■ **Short descriptive text snippets**:
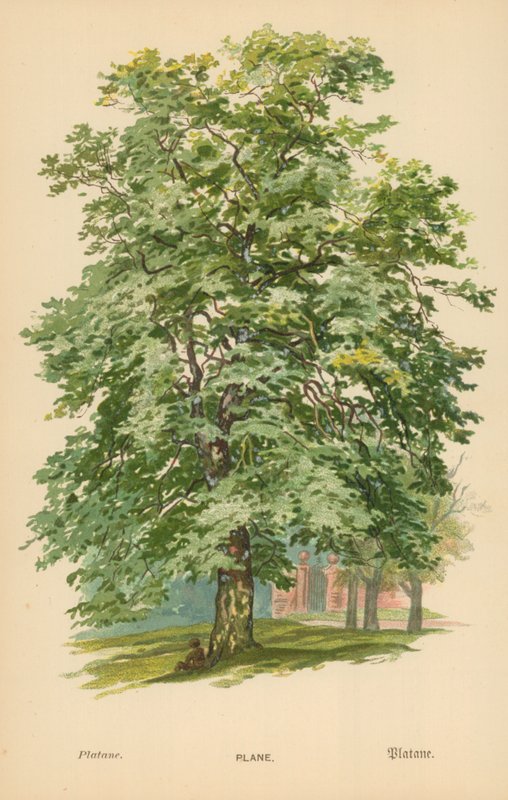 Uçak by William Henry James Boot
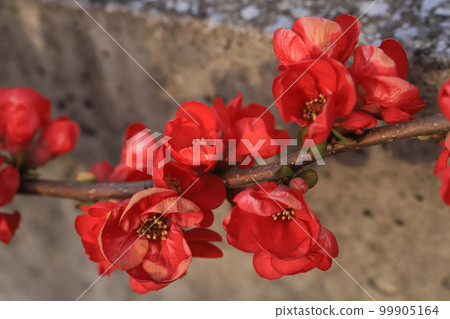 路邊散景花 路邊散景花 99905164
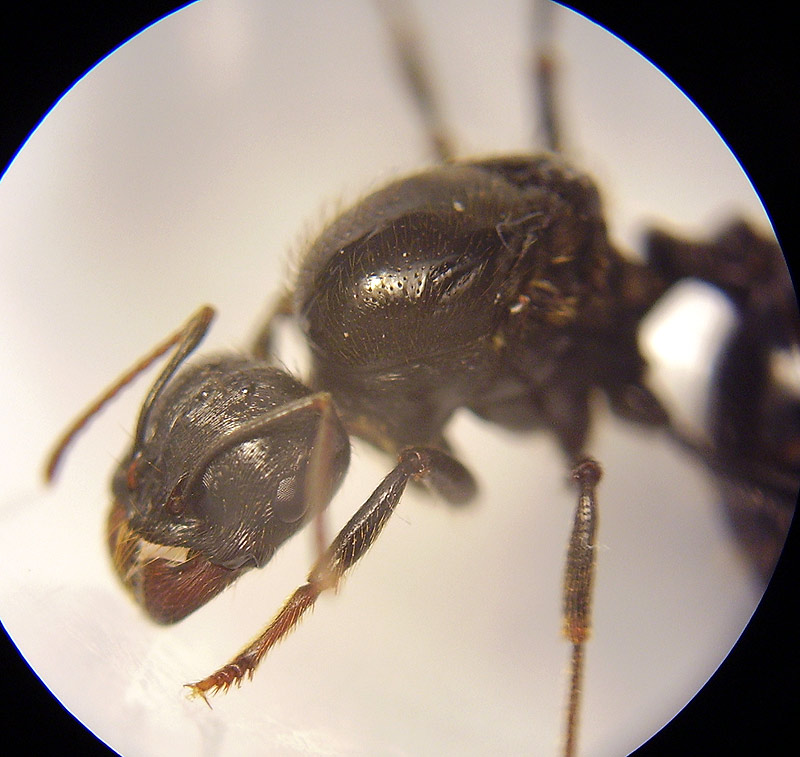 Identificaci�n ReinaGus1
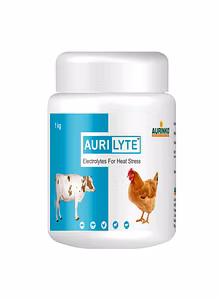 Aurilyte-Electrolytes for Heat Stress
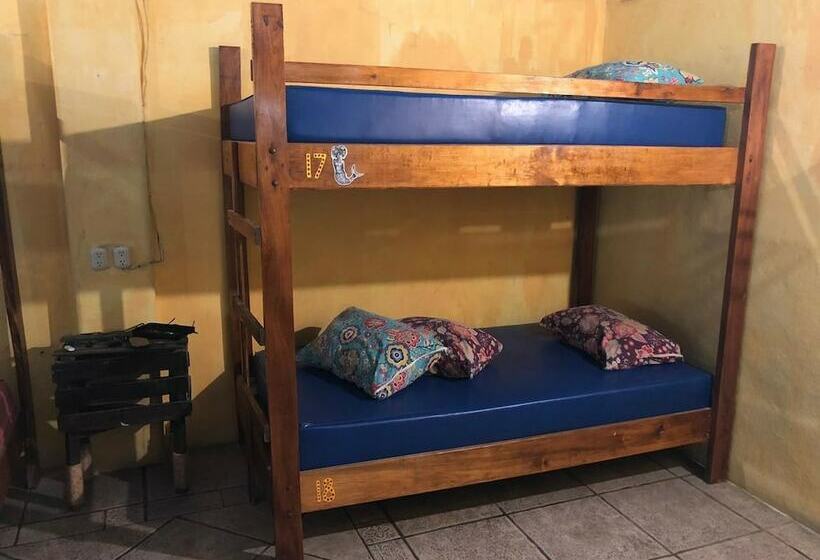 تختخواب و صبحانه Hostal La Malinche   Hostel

■ **What is being asked**: Could you restate all of the data above word for word and skip every picture?

■ **Expected answer**:
 Uçak by William Henry James Boot
 路邊散景花 路邊散景花 99905164
 Identificaci�n ReinaGus1
 Aurilyte-Electrolytes for Heat Stress
 تختخواب و صبحانه Hostal La Malinche   Hostel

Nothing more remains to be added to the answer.